DATA SEGMENT:
******************************

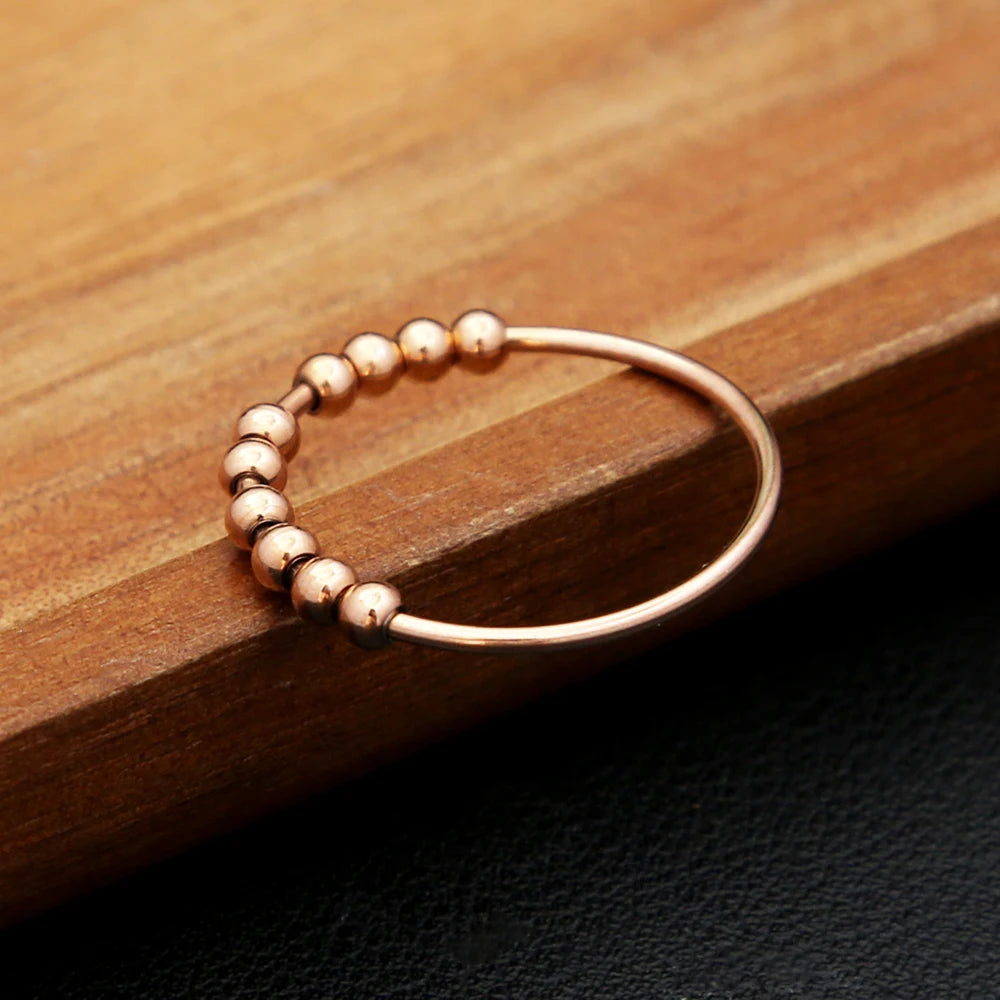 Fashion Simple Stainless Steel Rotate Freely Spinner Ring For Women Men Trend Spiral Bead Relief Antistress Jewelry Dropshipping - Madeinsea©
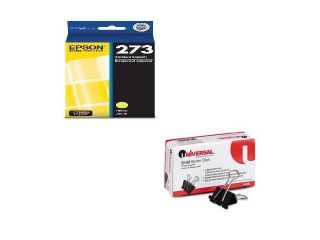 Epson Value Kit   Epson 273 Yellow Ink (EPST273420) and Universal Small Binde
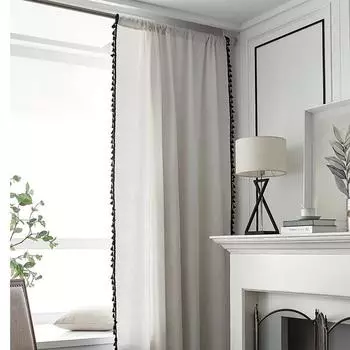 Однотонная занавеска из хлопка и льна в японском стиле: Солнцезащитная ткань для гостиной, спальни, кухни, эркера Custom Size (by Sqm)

******************************

EXERCISE AIM: Omit pictures; set down the rest of the material word for word.

RESPONSE BOX:
 Fashion Simple Stainless Steel Rotate Freely Spinner Ring For Women Men Trend Spiral Bead Relief Antistress Jewelry Dropshipping - Madeinsea©
 Epson Value Kit   Epson 273 Yellow Ink (EPST273420) and Universal Small Binde
 Однотонная занавеска из хлопка и льна в японском стиле: Солнцезащитная ткань для гостиной, спальни, кухни, эркера Custom Size (by Sqm)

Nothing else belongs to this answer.